Hi
Andrew,
I
was responding in particular to this:
My only problem with it is a side issue I
think. I don't think that someone who feels themselves to be strongly
heterosexual, but feels some attraction to the same sex too, is necessarily
bisexual. I think it's a bit more complicated than that. Otherwise there's a
risk that we'll end up calling everyone bisexual, and the word will lose its
meaning. But other than that, which I'm still working out, agreed.
and
this
The difference is, if I were to have *any*
(presumably heterosexual) partners, then that would make me practising
heterosexual. With bisexuality it's a bit more complicated.
I was
suggesting that one of the reasons for the complication is
because it's not possible to draw two lines and say that everyone to the left of
one is homosexual, everyone to the right of the other is heterosexual and those
in between are bisexual. In fact, it's quite possible that the majority of
human beings are somewhat attracted to people of their own gender as well as to
those of the opposite gender but that in most societies they choose to identify
as heterosexual rather than bisexual because it's more socially accepted and the
same gender attraction isn't particularly strong. That the labels, in
other words, are human constructs which have developed because we like to be
able to put people into neat boxes and I think that in some circumstances they
create more problems than they solve.
However, I
agree with you that it's the way that one expresses one's sexual orientation
that is important, not what that orientation is. In that, I agree with the
Christians of New Testament times.
As I
understand it, in biblical times there was no understanding of sexual
orientation. It was assumed that all men were sexually attracted to women
and vice versa, so that any same gender sexual activity was necessarily an
'unnatural passion' or it was a way of humiliating an opponent (as in the Sodom
story) or part of some gentile religious activity (as in Graeco-Roman
society). In the 1840s, researchers began to recognise that this wasn't so
- that some people are 'naturally' sexually attracted to those of their own
gender rather than those of the opposite gender and so they divided the world
into two neat boxes - heterosexual and homosexual. And then another
generation of researchers began to realise that there was also another group of
people - those who were sexually attracted to those of both genders.
Which brings
us around in a spiral to a similar point to that of the New Testament church
which is saying that promiscuity, adultery, indulging in sex with prostitutes
even as part of a religious rite and forcing sex on people as a way of
humiliating them or showing that you have power over them rather than as an
_expression_ of a caring relationship with them are all unacceptable ways of
expressing your sexuality. The difference is that we are now at least
aware of the possibility that being sexually attracted to someone of the same
gender might be normal for the person concerned, rather than some form
of sexual perversion, some way of deliberately going against that person's
natural inclinations.
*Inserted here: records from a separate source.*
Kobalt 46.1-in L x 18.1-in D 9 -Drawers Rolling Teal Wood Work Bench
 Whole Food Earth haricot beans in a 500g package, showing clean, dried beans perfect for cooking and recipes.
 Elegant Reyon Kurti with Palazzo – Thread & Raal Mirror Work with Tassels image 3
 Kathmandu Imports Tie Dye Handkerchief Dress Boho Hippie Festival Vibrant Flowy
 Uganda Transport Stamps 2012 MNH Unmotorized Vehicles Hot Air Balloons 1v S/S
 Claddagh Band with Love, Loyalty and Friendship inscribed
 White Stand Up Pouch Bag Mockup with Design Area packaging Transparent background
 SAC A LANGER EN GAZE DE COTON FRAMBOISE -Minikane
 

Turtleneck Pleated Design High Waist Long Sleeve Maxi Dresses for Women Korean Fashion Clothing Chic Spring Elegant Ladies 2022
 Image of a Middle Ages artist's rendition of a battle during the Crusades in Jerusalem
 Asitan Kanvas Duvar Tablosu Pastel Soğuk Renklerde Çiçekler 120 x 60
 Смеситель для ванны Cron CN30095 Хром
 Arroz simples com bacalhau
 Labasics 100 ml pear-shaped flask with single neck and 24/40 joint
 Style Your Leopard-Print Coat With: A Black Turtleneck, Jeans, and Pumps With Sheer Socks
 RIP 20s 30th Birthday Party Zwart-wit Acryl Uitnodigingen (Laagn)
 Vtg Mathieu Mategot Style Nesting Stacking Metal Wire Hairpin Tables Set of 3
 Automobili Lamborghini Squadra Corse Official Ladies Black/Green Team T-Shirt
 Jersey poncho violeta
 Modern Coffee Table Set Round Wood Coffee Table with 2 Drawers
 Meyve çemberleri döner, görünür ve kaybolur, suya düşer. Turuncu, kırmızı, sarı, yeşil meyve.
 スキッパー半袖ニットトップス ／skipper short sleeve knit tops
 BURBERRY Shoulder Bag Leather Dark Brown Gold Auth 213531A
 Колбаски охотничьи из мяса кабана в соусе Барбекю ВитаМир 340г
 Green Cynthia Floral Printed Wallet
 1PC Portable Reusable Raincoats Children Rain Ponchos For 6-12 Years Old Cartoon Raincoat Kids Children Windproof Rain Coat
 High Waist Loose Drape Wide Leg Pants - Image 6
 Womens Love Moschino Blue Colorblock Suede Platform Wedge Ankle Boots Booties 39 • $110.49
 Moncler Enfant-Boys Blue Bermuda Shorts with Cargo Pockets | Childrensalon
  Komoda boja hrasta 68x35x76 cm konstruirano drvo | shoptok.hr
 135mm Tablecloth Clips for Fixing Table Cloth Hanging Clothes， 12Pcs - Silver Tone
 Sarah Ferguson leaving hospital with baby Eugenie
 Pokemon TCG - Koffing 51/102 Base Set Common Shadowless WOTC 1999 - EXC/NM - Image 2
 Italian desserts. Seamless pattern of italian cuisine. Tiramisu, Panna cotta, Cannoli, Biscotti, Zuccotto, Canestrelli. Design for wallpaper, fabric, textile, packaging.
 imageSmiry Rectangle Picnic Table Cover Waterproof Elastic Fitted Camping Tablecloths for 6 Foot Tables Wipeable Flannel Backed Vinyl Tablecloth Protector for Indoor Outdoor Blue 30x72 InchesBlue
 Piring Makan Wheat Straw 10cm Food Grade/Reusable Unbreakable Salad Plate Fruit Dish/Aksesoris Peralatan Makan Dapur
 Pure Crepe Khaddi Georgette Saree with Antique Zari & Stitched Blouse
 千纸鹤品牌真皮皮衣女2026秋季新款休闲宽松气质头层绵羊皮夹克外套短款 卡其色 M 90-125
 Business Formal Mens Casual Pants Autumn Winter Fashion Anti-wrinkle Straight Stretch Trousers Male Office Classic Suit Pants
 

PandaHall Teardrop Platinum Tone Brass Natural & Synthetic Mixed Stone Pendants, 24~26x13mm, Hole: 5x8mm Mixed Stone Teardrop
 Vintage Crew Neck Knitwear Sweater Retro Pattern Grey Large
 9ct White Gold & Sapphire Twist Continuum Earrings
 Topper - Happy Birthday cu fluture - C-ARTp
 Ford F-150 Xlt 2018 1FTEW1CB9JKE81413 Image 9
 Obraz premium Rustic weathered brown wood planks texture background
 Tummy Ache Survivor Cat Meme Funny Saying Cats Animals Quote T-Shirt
I think there are still quite a few people around
who don't accept that - they seem to think that people decide to be gay or
lesbian although everyone is really heterosexual - but I don't think we're
talking about them.
But if you do
accept that homosexuality is 'natural', the point at which there is conflict is
how we deal with this same gender sexual attraction. One
perspective is that a lifetime monogamous union between two men or two
women should/could/might be an acceptable way for Christians to express their
sexual orientation in the same way that a lifetime monogamous union between a
man and a woman has always been. In other words, that seeing it's a
natural rather than perverted thing for them, as long as they express their
sexual orientation according to the same rules that apply for heterosexual
people, they should not have to remain celibate. The other is that
people whose orientation is bisexual can choose either to have a partner of the
opposite gender or remain celibate and those whose orientation is homosexual
must remain celibate if they wish to be fully accepted into the Christian
church.
And it is
this latter perspective that is being argued by EMU. That homosexual
people must remain celibate and bisexual people can only have sexual
relationships with those of the opposite gender if they want to be fully
accepted into the life of the church and have leadership positions within the
church. Because in their view, sexual activity between people of the same
gender is always wrong, evil. Whereas those who take the other perspective
are saying that sex between people of the same gender whose orientation is
either homosexual or bisexual can be good or bad or a bit of both depending
on the context in which it happens, just as sex between two people
of different genders whose orientation is heterosexual can be
good or bad or a bit of both depending on context. That same gender
relationships should be subject to the same set of rules as different gender
relationships. And that a different gender relationship where one
partner's orientation is homosexual is likely to be big
mistake.
But, in order
to run that line, orientation is important. And even with the EMU
position, orientation is also a factor because those people who happen to be
homosexual and bisexual in orientation are given less choices than those
who are heterosexual. So, the EMU position does discriminate against
people on the basis of their sexual orientation, even though it
decides suitability for ordination on the basis of activity rather than
orientation, in that it sets up extra conditions for them.
I hope this
is reasonably coherent. And as I said in my private email to Andrew,
no-one has suggested to me, nor did I for one moment think, that he is trying to
say that either homosexual or bisexual people should not be
ordained simply on the basis of their sexual orientation. I know some
people who are, but I am confident that Andrew is not one of
them!
Judy
-----Original
Message-----
From: [EMAIL PROTECTED] [mailto:[EMAIL PROTECTED]On Behalf Of Andrew Alder
Sent: Wednesday, 27 August 2003 4:24 PM
To: Insights
Subject: RE: GLBT?
From: [EMAIL PROTECTED] [mailto:[EMAIL PROTECTED]On Behalf Of Andrew Alder
Sent: Wednesday, 27 August 2003 4:24 PM
To: Insights
Subject: RE: GLBT?
G'day Judy and the Group
Great to hear from you, although I did need to do a slow count to ten before replying...!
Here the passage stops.